Exercise goal
Pictures do not belong in the copy; print every entry exactly as it stands.

Material shown
#####

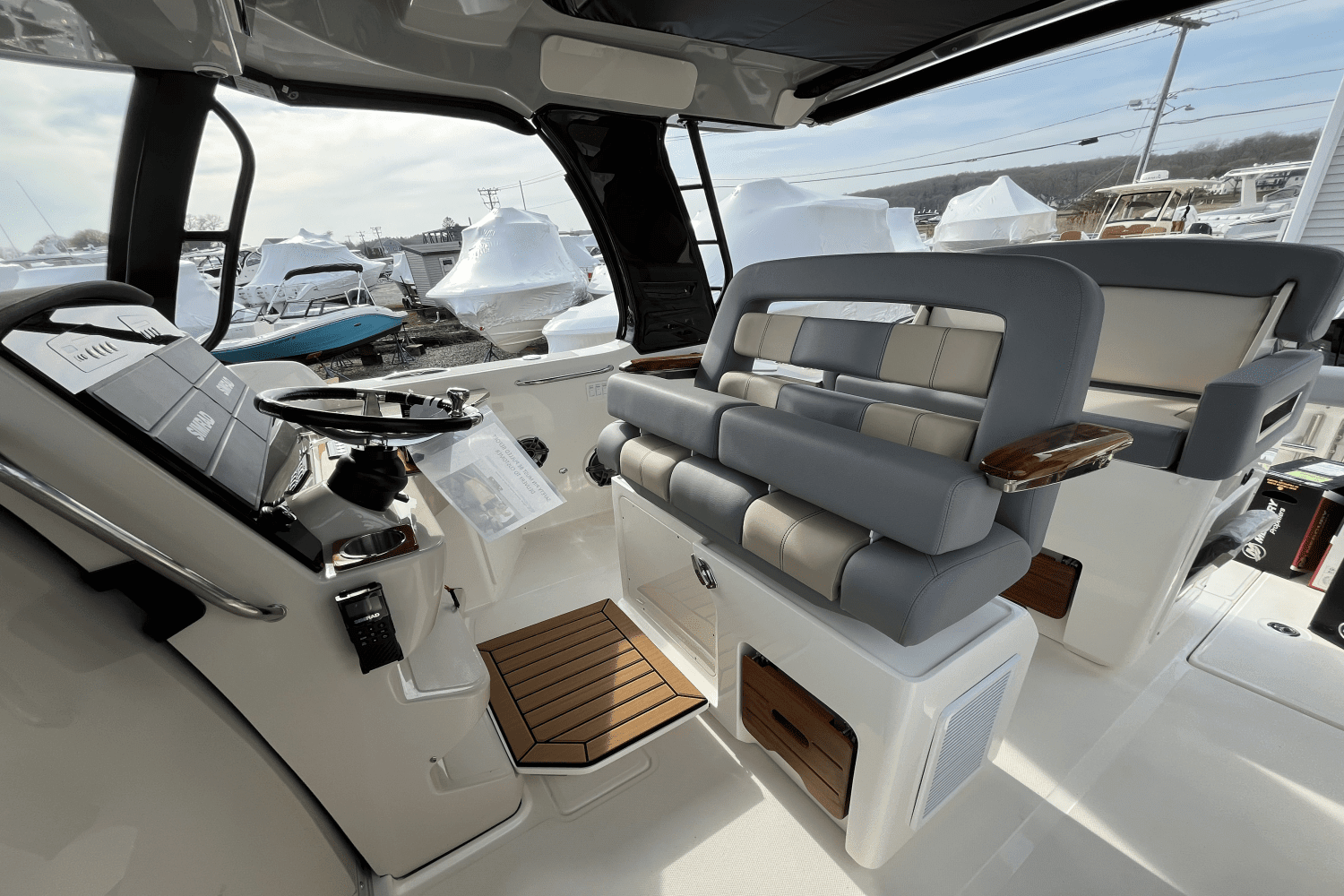 2025 Boston Whaler 350 Realm Image Thumbnail #18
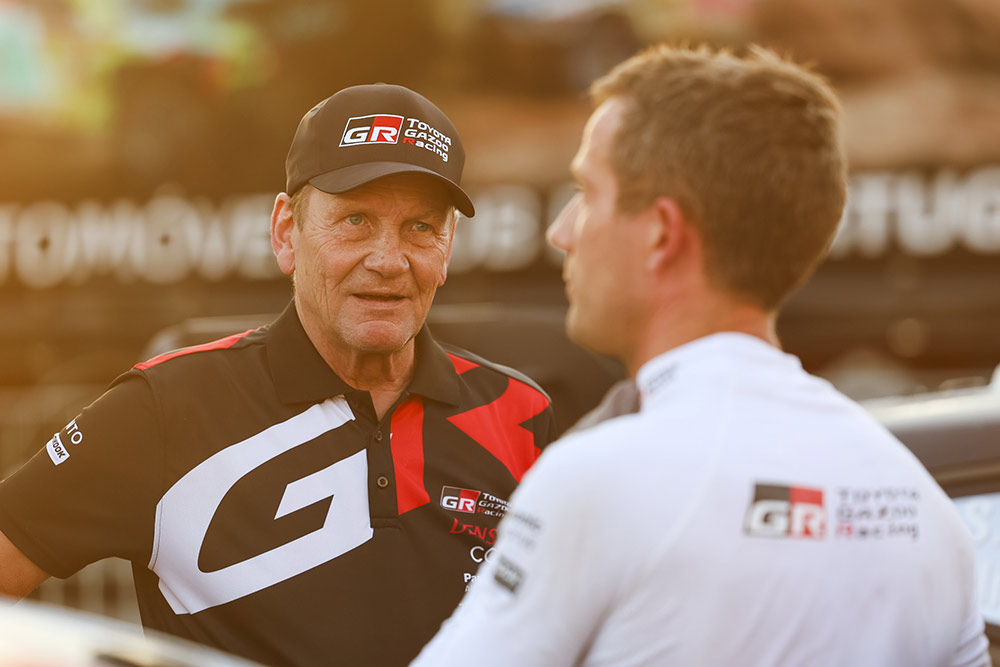 Исполняющий обязанности руководителя команды Toyota Gazoo Racing WRT Юха Канккунен и Себастьен Ожье, ралли Португалия 2025 / Фото: Toyota Gazoo Racing WRT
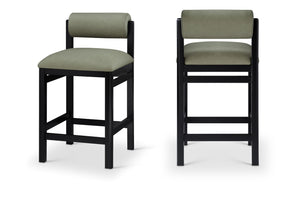 Meridian Furniture Roundhill Art Deco Vegan Leather Counter Stool with Black Wood Frame for Kitchen Islands 11089Green-C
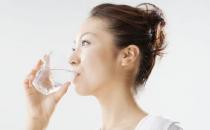 女人熬夜后吃什么好？多喝水可提神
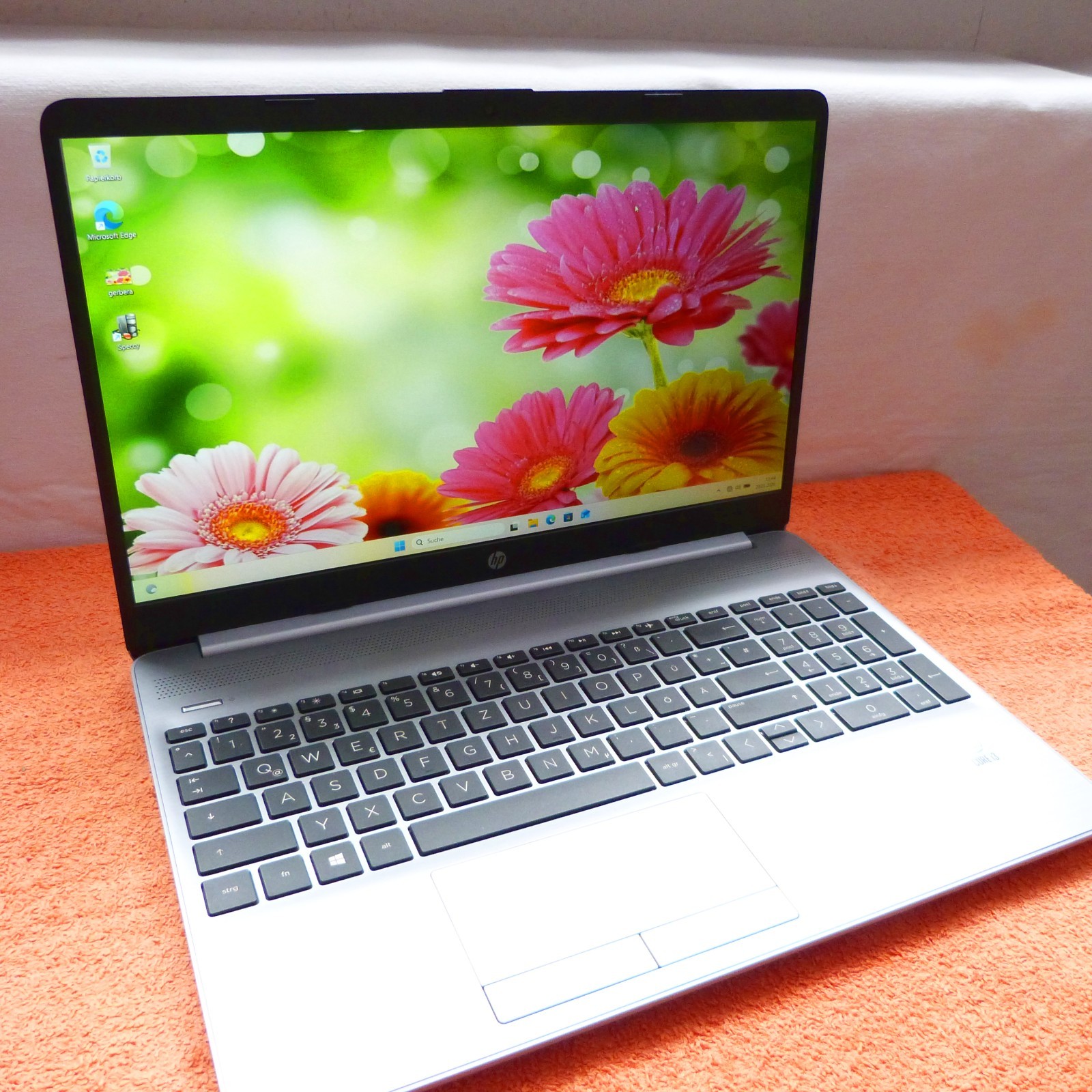 HP 250 G8 ENVY ULTRABOOK 15″ FULLHD Intel 10 GEN l SSD Windows 11 USBC HDMI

#####

Solution to the exercise
 2025 Boston Whaler 350 Realm Image Thumbnail #18
 Исполняющий обязанности руководителя команды Toyota Gazoo Racing WRT Юха Канккунен и Себастьен Ожье, ралли Португалия 2025 / Фото: Toyota Gazoo Racing WRT
 Meridian Furniture Roundhill Art Deco Vegan Leather Counter Stool with Black Wood Frame for Kitchen Islands 11089Green-C
 女人熬夜后吃什么好？多喝水可提神
 HP 250 G8 ENVY ULTRABOOK 15″ FULLHD Intel 10 GEN l SSD Windows 11 USBC HDMI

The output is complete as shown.